You clearly have no grasp of Modbus or BACnet fundamentals.
MODBUS isn't going anywhere in the foreseeable future. Absolutely tons of stuff still use it, especially energy meters and industrial electrical equipment because it is essentially free for the device manufacturers to add. Contrast this with the cost (upfront and royalties) to buy a good quality BACNet stack for your software development, and then paying BTL to certify it and it's easy to see why so many devices still use it. Yes it sucks if you don't have a register map 10 years down the road, and most companies leave out relevant data like is that register 2 bytes or 4 bytes wide and you have to make educated guesses and experiment to get it right, on the other hand, once working they do tend to stay working.
Pretty dead on with Modbus being the most popular comm protocol in the world, spanning over multiple different industries, and will be in use for decades to come.
The story with the TEC retirement is that the only chip manufacturer left in the world with the capability of making the TEC chip told Siemens they were done making it. Apparently it was a very old chip that only a few companies still were buying. The DXR runs on the same chipset as the PXC line of field panels so that was the cheapest option for them. But because it's a different chipset, that means new firmware would need developed for it. So that's where ABT Site came from.
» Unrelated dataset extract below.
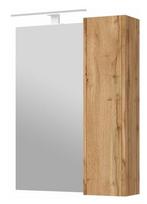 Laisvai pastatoma vonios spinta Vento Bronx Bronx 65 with mirror, ruda sp., 16.6 cm x 65 cm x 80 cm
There's so much misinformation here, I don't know where to start.
Pretty much every computer chip ever made, dating back to the early 1970s is readily available from one source or another. In many [industrial] applications,
extremely old processors are used when simplicity, proven reliability, and dirt cheap cost are key priorities.
Retiring an entire line of controllers, that have been in production for 30+ years, because a vendor is discontinuing a specific variety of processor is utter BS and reveals your ignorance.
The DXRs and PXCs have
absolutely nothing in common. Hardware or otherwise. Once again, you have no idea what you're talking about and have clearly never read a tech spec sheet.
PXCs use a Motorola PowerPC chip, originating in the early 1990s. The PXC16/24 have a 100MHz with 16MB if RAM. PXC36/M have a 133MHz variant with up to 80MB RAM.
The DXR runs a Linux-based OS, has a modern 300MHz processor made by Texas Instruments, and has 512MB of flash storage, with 128MB of DDR3 RAM.
They literally have absolutely NOTHING in common except "Siemens" on the cover.
Please don't talk on things you know nothing about and spread misinformation.